* INFORMATION PROVIDED:
______________________________

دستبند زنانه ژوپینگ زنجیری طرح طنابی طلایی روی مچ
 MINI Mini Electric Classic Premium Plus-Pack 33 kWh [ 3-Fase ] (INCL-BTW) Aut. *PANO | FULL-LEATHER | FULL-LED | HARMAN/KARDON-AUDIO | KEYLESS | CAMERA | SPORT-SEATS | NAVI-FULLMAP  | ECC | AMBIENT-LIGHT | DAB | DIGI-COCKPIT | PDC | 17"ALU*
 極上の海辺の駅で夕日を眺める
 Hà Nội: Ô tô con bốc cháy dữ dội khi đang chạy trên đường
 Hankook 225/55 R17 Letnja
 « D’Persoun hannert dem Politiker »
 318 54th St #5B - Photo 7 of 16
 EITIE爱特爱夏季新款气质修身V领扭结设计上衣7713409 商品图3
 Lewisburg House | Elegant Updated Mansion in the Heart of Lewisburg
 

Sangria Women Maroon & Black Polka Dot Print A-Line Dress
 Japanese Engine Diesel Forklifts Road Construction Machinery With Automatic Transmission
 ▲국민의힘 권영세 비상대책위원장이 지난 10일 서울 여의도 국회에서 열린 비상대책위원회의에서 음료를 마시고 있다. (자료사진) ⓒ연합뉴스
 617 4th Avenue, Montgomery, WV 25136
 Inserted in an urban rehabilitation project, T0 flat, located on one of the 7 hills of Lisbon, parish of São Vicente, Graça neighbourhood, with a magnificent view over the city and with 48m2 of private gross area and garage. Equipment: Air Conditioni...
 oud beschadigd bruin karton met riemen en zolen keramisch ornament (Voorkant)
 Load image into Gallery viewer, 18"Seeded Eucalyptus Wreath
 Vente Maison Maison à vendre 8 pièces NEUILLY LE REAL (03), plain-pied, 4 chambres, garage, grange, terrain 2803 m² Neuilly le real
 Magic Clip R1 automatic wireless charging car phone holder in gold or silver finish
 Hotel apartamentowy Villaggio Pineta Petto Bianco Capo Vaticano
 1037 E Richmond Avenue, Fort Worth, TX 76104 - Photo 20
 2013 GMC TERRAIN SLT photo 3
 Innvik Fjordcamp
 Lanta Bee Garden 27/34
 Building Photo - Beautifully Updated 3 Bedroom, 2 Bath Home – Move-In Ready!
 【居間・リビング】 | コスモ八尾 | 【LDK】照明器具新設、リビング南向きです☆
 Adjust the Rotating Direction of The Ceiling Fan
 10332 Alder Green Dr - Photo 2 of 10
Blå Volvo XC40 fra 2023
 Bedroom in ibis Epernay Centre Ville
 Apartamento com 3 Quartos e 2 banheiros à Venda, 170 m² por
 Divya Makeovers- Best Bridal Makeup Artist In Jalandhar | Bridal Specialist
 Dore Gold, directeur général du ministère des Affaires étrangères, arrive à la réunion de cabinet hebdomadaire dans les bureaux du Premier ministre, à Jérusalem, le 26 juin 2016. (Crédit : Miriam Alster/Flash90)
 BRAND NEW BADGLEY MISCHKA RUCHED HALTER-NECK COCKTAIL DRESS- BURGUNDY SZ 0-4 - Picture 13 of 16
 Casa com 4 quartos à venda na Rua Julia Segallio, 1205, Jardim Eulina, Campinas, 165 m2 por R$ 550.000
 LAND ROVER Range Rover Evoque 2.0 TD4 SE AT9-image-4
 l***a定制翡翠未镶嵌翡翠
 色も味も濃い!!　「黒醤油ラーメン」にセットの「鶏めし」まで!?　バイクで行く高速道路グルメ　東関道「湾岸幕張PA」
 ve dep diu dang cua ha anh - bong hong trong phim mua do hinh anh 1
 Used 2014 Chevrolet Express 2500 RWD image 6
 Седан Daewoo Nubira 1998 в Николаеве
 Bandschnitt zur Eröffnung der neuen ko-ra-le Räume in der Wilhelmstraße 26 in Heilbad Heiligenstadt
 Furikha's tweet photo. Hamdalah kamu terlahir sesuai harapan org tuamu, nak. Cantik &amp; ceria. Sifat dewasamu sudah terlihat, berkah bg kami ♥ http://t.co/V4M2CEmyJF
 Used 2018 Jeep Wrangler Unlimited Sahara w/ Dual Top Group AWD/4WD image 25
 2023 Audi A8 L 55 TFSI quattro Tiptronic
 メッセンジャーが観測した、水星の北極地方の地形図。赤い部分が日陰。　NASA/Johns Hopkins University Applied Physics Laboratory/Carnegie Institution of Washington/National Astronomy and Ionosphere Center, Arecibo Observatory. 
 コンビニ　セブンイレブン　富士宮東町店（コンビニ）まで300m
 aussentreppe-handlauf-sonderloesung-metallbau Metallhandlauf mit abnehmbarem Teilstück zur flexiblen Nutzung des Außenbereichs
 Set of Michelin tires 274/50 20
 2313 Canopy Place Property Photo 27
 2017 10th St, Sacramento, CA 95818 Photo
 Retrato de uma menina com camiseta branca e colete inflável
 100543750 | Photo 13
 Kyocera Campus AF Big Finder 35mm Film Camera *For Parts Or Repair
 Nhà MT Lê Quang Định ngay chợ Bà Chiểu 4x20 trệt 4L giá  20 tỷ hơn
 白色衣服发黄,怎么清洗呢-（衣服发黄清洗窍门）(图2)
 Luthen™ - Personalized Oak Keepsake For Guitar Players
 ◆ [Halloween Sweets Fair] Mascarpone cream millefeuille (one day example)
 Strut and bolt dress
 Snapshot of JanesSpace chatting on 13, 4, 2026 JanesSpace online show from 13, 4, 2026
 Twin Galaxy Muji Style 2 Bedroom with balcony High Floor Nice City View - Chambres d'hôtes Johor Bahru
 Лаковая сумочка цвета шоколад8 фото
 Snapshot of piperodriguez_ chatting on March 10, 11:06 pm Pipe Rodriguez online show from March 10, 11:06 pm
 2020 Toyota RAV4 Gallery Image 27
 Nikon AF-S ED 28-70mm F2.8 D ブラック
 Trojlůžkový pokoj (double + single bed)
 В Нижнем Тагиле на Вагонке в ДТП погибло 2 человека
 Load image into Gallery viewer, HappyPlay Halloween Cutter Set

______________________________

* ACTIVITY: Everything above from the line containing "Casa com 4 quartos" through the line containing "コンビニ　セブンイレブン　富士宮東町店（コンビニ）まで300m" must be copied exactly. Nothing outside that range belongs in the answer.

* PROBLEM SOLUTION:
 Casa com 4 quartos à venda na Rua Julia Segallio, 1205, Jardim Eulina, Campinas, 165 m2 por R$ 550.000
 LAND ROVER Range Rover Evoque 2.0 TD4 SE AT9-image-4
 l***a定制翡翠未镶嵌翡翠
 色も味も濃い!!　「黒醤油ラーメン」にセットの「鶏めし」まで!?　バイクで行く高速道路グルメ　東関道「湾岸幕張PA」
 ve dep diu dang cua ha anh - bong hong trong phim mua do hinh anh 1
 Used 2014 Chevrolet Express 2500 RWD image 6
 Седан Daewoo Nubira 1998 в Николаеве
 Bandschnitt zur Eröffnung der neuen ko-ra-le Räume in der Wilhelmstraße 26 in Heilbad Heiligenstadt
 Furikha's tweet photo. Hamdalah kamu terlahir sesuai harapan org tuamu, nak. Cantik &amp; ceria. Sifat dewasamu sudah terlihat, berkah bg kami ♥ http://t.co/V4M2CEmyJF
 Used 2018 Jeep Wrangler Unlimited Sahara w/ Dual Top Group AWD/4WD image 25
 2023 Audi A8 L 55 TFSI quattro Tiptronic
 メッセンジャーが観測した、水星の北極地方の地形図。赤い部分が日陰。　NASA/Johns Hopkins University Applied Physics Laboratory/Carnegie Institution of Washington/National Astronomy and Ionosphere Center, Arecibo Observatory. 
 コンビニ　セブンイレブン　富士宮東町店（コンビニ）まで300m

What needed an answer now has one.